De film “Green Border” van Agnieszka Holland komt naar de bioscoop
drDe stad Harasta in Syrië ligt slechts een paar kilometer verwijderd van de hoofdstad Damascus. Er was een tijd dat de opstand tegen dictator Assad zo sterk was dat Harasta tot de bevrijde gebieden werd gerekend. Het systeem is nu coherent en in puin. Veel inwoners van Harasta vluchtten naar Jordanië, Türkiye of Europa. In Agnieszka Hollands “De Groene Grens” wordt de naam van de stad slechts terloops genoemd.

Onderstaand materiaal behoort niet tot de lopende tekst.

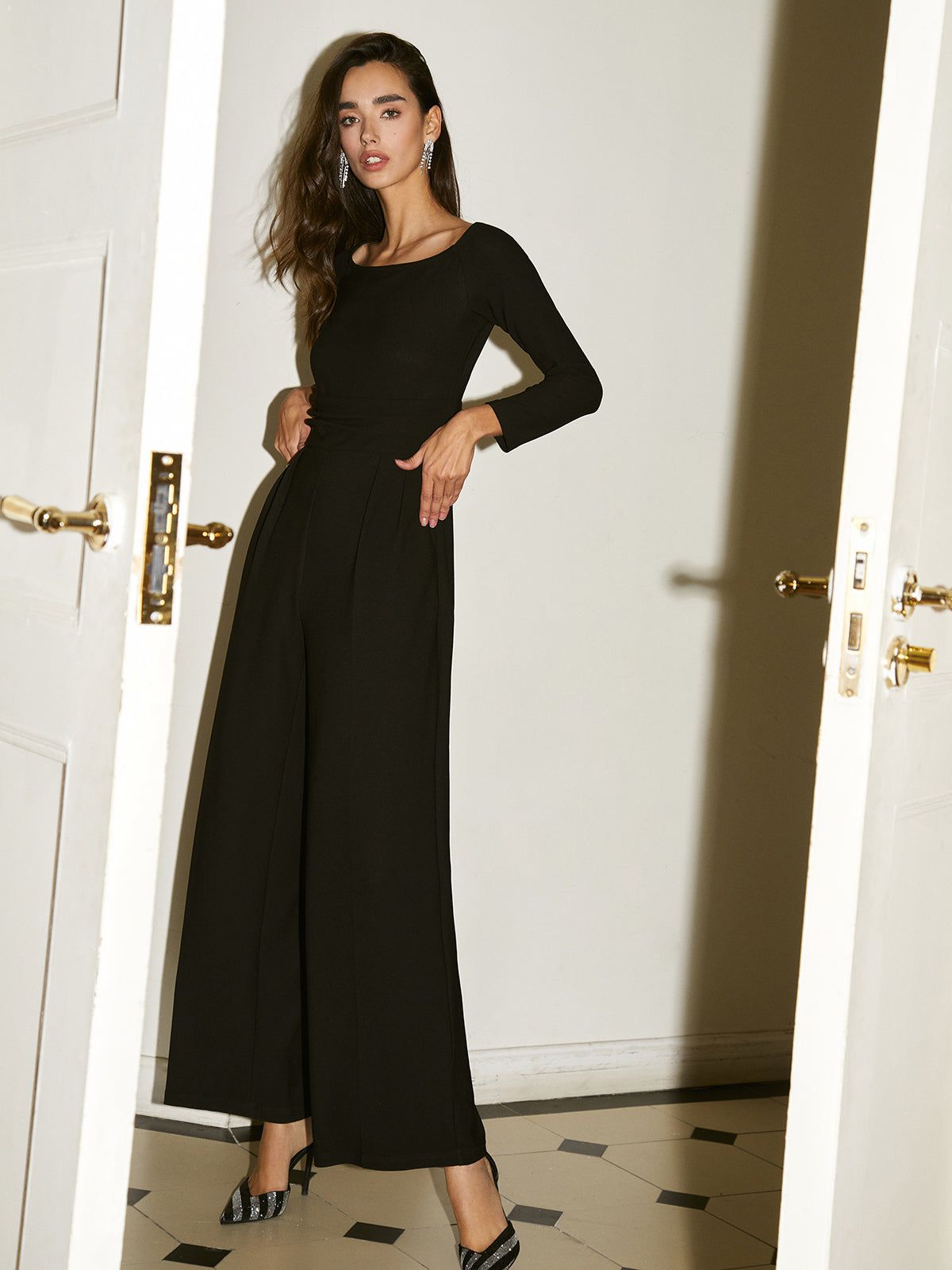 Off Shoulder Pleated Jumpsuit sold by COMMENSE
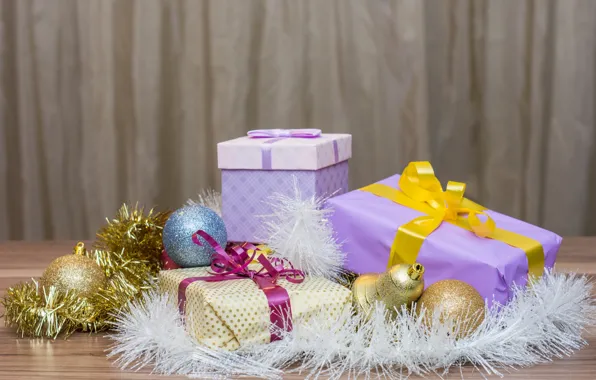 Праздник, шары, игрушки, новый год, подарки, мишура
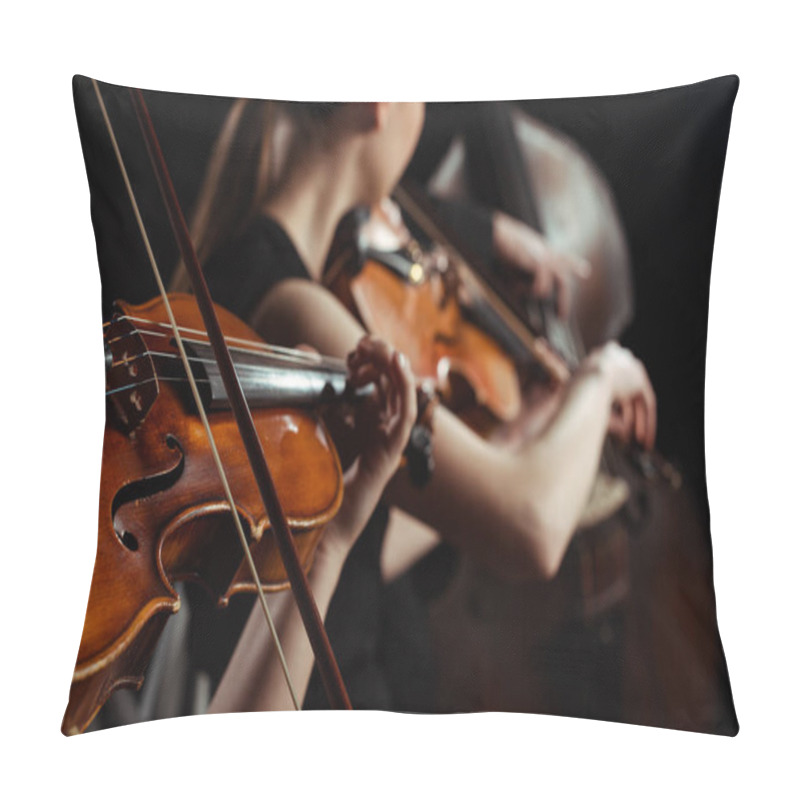 Personality  Cropped View Of Female Professional Musicians Playing On Violins On Dark Stage, Selective Focus Pillow Covers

Eén van de vele details in een film waarin elk klein ding ertoe doet. Uit Harasta komt een gezin van meerdere personen, van grootouders tot jonge kinderen, die de groene grens van Wit-Rusland naar Polen oversteken. Ze willen naar Zweden zonder er veel van te weten, maar de naam van het Scandinavische land is voor hen een aanwijzing.
De “groene grens” wordt de top
Dit zijn de maanden waarin de lokale dictator Loekasjenko namens de grotere dictator Poetin, of in ieder geval in zijn geest, ook een slecht spel speelt met de Europese Unie. Mensen uit Syrië en andere landen worden naar Minsk gevlogen en vervolgens aan de buitengrenzen van de EU achtergelaten. Er is in Polen een regering aan de macht die niets met de Europese solidariteit te maken wil hebben en openlijk xenofoob is.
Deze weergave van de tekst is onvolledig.